Era un hombre de amistades firmes y durante años, antes de la invención del correo electrónico, se carteó con Tita Cepeda, con Ariel Castillo, con Monserrat Ordóñez, con Beatriz Manjarrés, con la poeta habanera Nancy Morejón. Le gustaba el ciclismo y seguía el Tour de Francia día tras día y llamaba por teléfono cuando algún ciclista colombiano ganaba una etapa.
Jacques había sido jugador de rugby en sus años mozos. Era alto, fuerte, de manos y brazos pecosos, y su perfume francés, su calva incipiente de intelectual, su seguridad al hablar, recreando nuestra historia literaria en un castellano sin acento, pero con matices habaneros, rioplatenses, madrileños, mexicanos o paraguayos, lo hacían atractivo, interesante, seductor, cualidades que él, aun cuando era tímido, iba descubriendo y aprovechando. Lo que más le gustaba era exponer ante un auditorio sus reflexiones y luego invitarnos a cenar y a tomar vino, rodeado por muchachas, colegas o simples estudiantes.
El ejemplo más palpable de su generosa recepción en Francia fue sin duda lo ocurrido con la obra de Marvel Moreno (1939-1995). Entre el 3 y el 5 de abril de 1997, en una inolvidable primavera, Gilard y Fabio Rodríguez organizaron un coloquio sobre la obra de la barranquillera. La fraternal y alentadora presencia de Gilard en la Universidad de Toulouse, su interés constante por la cultura latinoamericana —literaria, musical, política, deportiva— nos dieron un gran impulso.

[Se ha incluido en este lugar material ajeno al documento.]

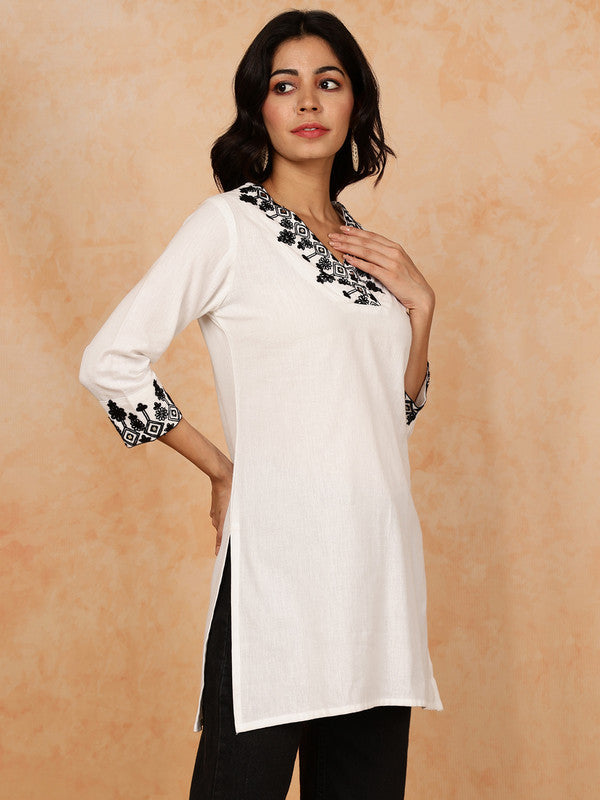 Antaran White Pure Cotton Embroidered Tunic - Swadesiicart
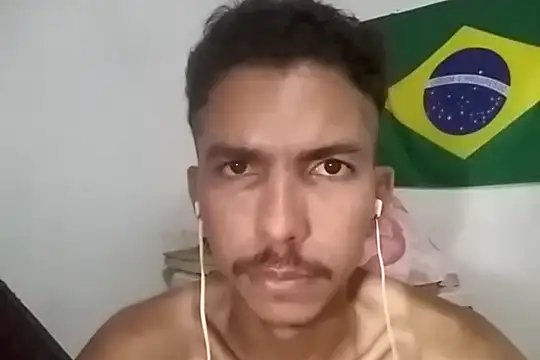 MagrinhoSaradoo online show from 15, 2, 2025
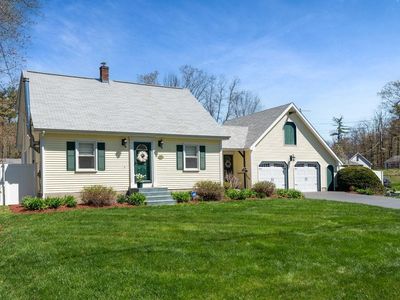 438 Manchester Road, Auburn, NH, 03032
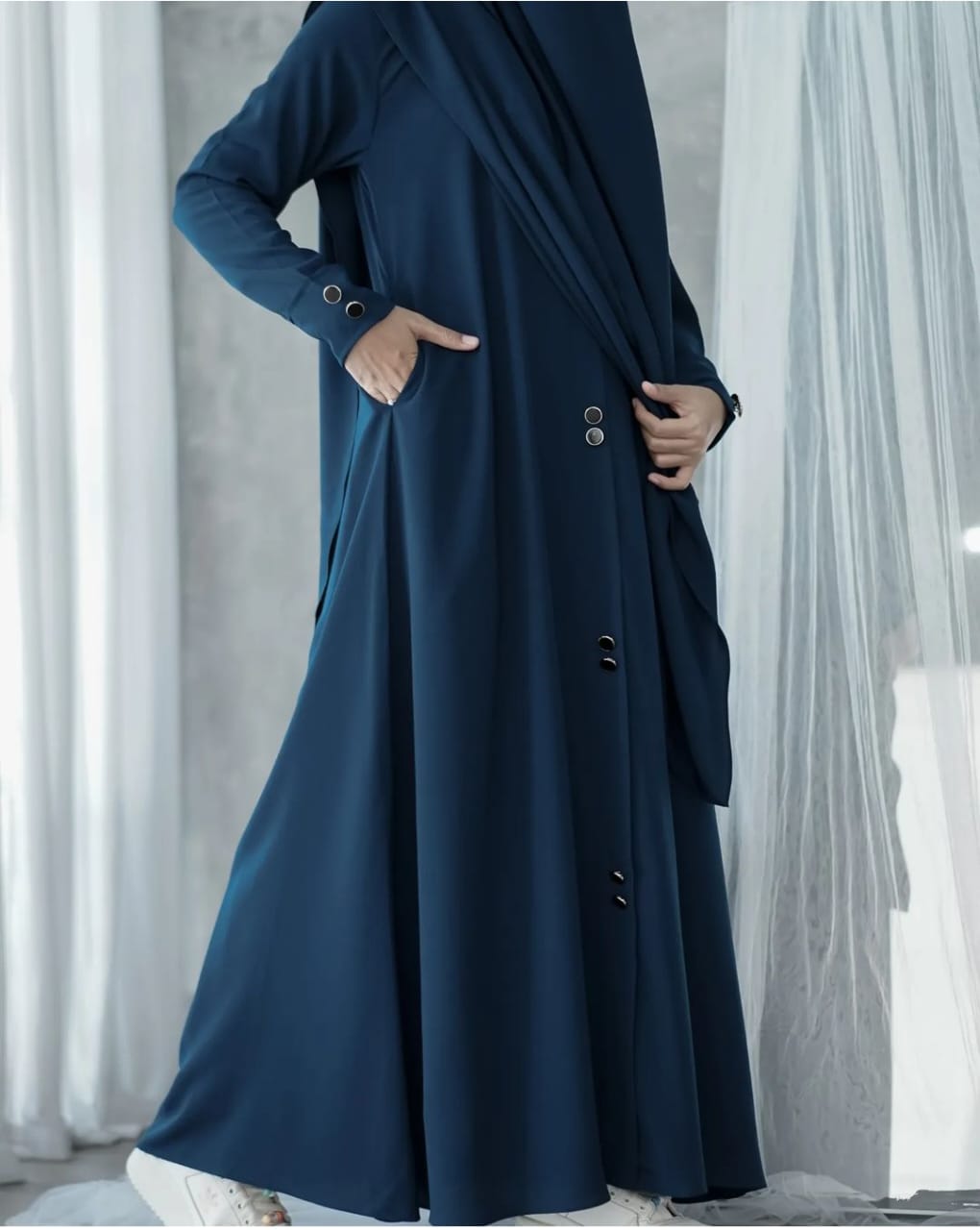 Mirha Abaya with Staller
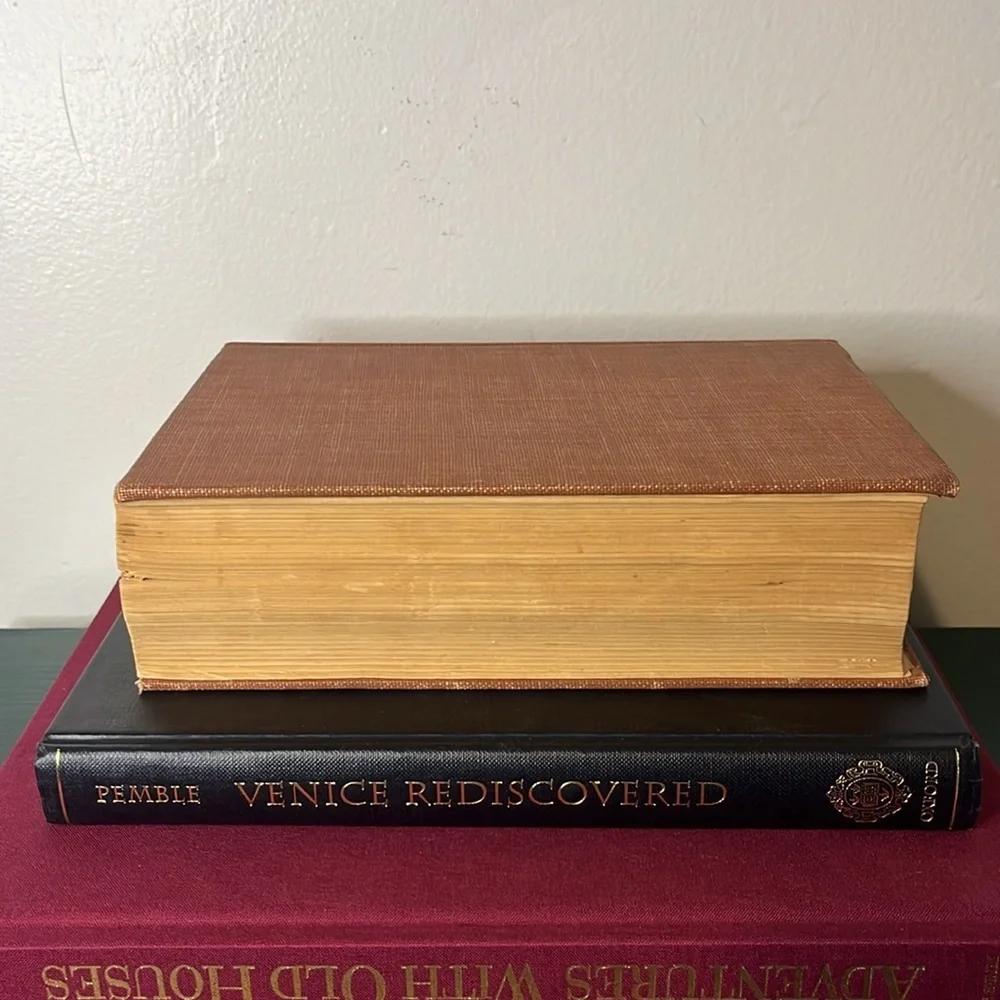Vintage The Woollcott Reader Bypaths in the Realm of Gold Hardcover Book 1938‎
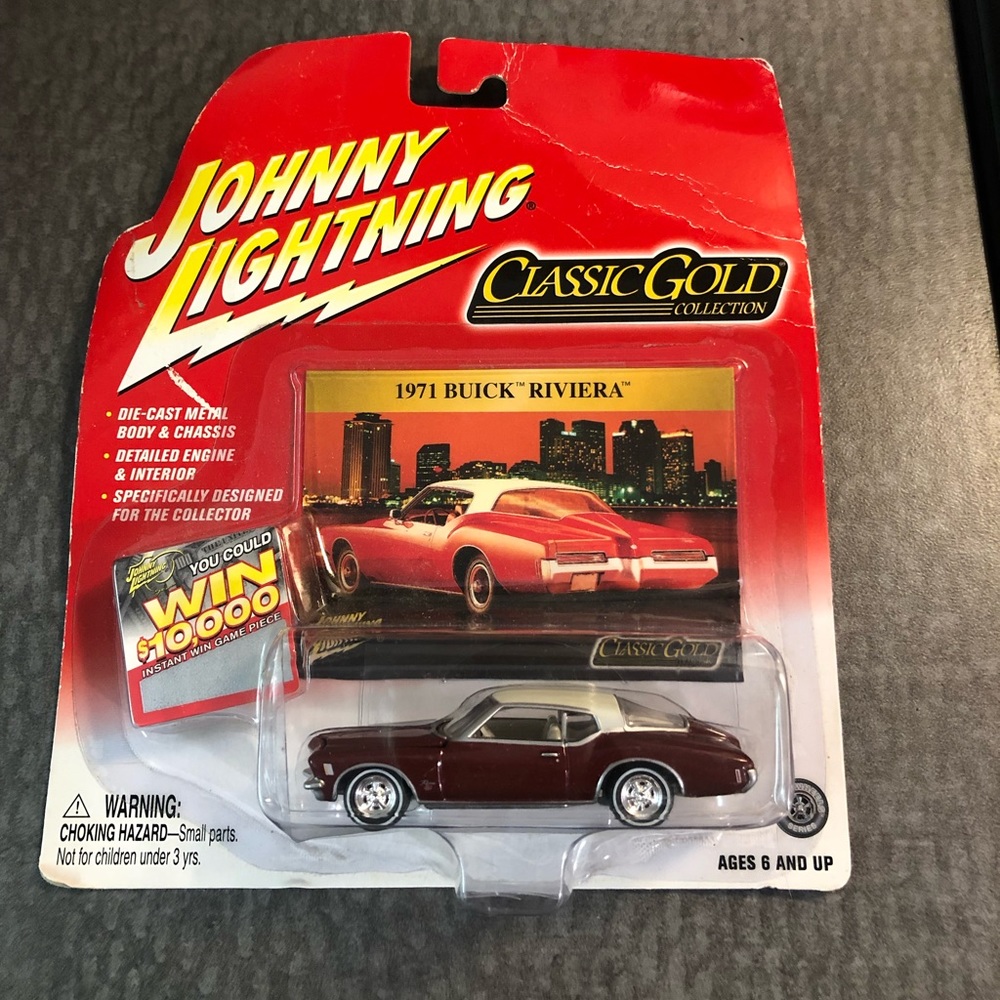 Johnny Lightning Classic Gold 1971 Buick Rivera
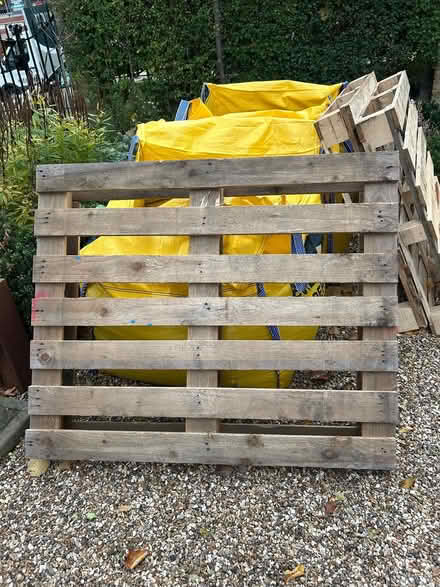 Photo of free 3 clean wooden pallets (Tooting Bec/Balham SW17) #2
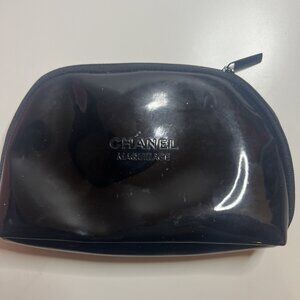 CHANEL Maquillage 2011 Vintage New Cosmetic Bag glossy Patent Leather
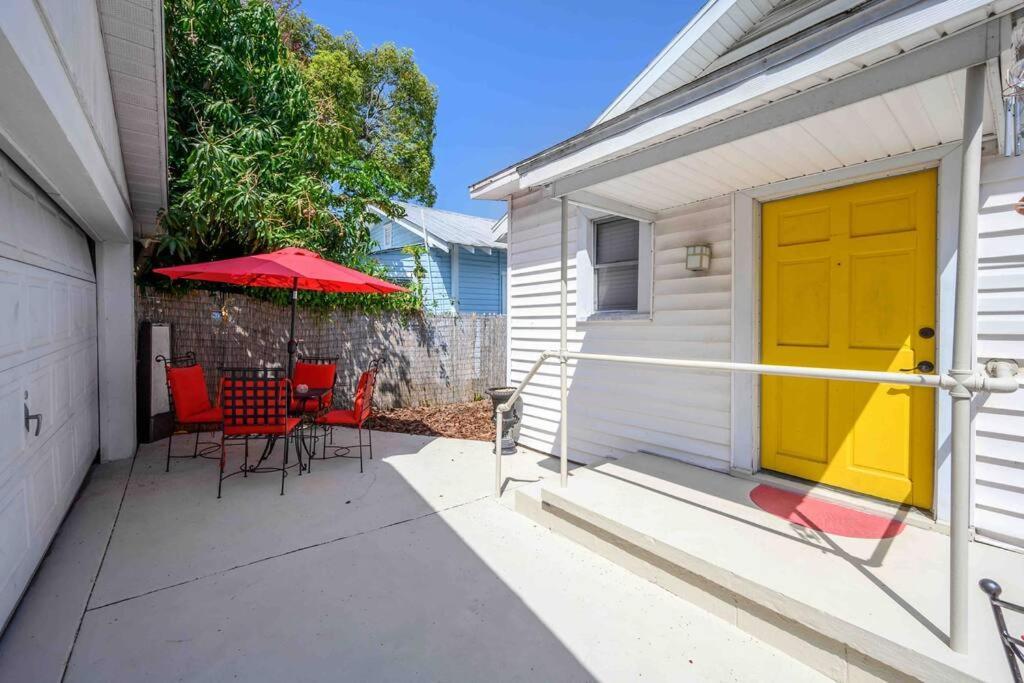 No Ho Yellow Door Bungalow แทมปา ภายนอก รูปภาพ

* Fue corresponsal de El Espectador en París. Su más reciente libro es Las palmeras suplicantes (Collage Editores).
Uninorte y la Cátedra Europa exaltaron la obra de Gilard
La obra de Jacques Gilard fue homenajeada este año en la Cátedra Europa de la Universidad del Norte, en Barranquilla. Como invitada estuvo su hija Céline Gilard, doctora en estudios ibéricos. Julio Olaciregui, Enrique Sánchez, Fabio Rodríguez Amaya y Ramón Bacca hablaron de la importancia de su legado en la cultura del Caribe colombiano. Céline Gilard, quien comparte el interés por la literatura latinoamericana, contó que todo empezó una noche en la que su padre no podía dormir después de haber leído Cien años de soledad: “Finalmente pudo dormir y al despertarse dijo que García Márquez era un genio, que acababa de comprenderlo todo y que quería trabajar sobre la literatura latinoamericana”. “No ha habido un estudioso, crítico e investigador que haya hecho tanto por la literatura del país. Después de 30 años de trabajo logró, junto al Grupo de Barranquilla, posicionar a Colombia en la tercera modernidad”, opinó Rodríguez Amaya.